Friday, January 9, 2009

Kids Make Cheese Grits

The movie "My Cousin Vinny" gave us a classic laugh line when actor Joe Pesci, playing a New Jersey lawyer confronting breakfast in the Deep South, asks: "What's a grit?"

There's still some confusion over whether "grits" should be treated in the singular or the plural. But there's no mistaking where grits come from. They are ground corn, familiar as the indigenous grain to early Native Americans who passed them along to the first white settlers. Grits remain a staple of Southern cuisine.

The Indians soaked dried corn in lye, removing the tough shell or pericarp to produce large, soft kernels called "hominy." The large pieces could be ground into tiny grains we now call "grits." But it gets very confusing, because now grits are widely made from untreated corn but still called "hominy grits."

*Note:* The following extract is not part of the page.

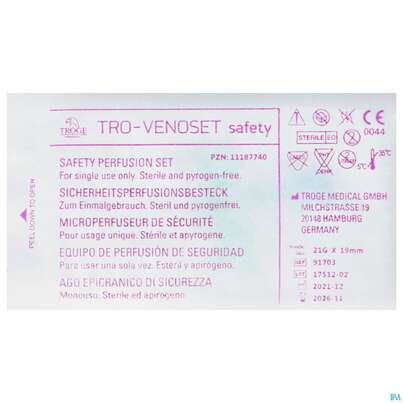 Sie sehen eine Packung INJ.BUTTERFLY SAFETY TRO 21G, 1 Stück, Produktbild: 01 INJ.BUTTERFLY SAFETY TRO 21G, 1 Stück, A-Nr.: 4173571 - 01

You can still find grits made the old fashioned way--dried corn ground between huge granite wheels. The process results in a fine powder, sold as corn meal, as well as the larger grains, sold as grits. These grits usually take an hour at least to fully cook and are considered by some the only proper kind of grits to serve. Otherwise, the grits sold in supermarkets under the Quaker Oats and other brands have been further processed to cook in as little as 20 or even 5 minutes, in the case of "instant grits." But be warned. Instant grits may taste more like library paste if you are used to the real deal.

Being from Chicago, grits were utterly foreign to me until I moved to the District of Columbia. In my student days, about a century ago, I worked at a federal job that started each morning before the crack of dawn. Our first break was breakfast. I recall musing over the strange mush I saw next to the scrambled eggs on the steam table in the cafeteria. I remember thinking it looked vaguely like cream of wheat. That, I was told, were grits.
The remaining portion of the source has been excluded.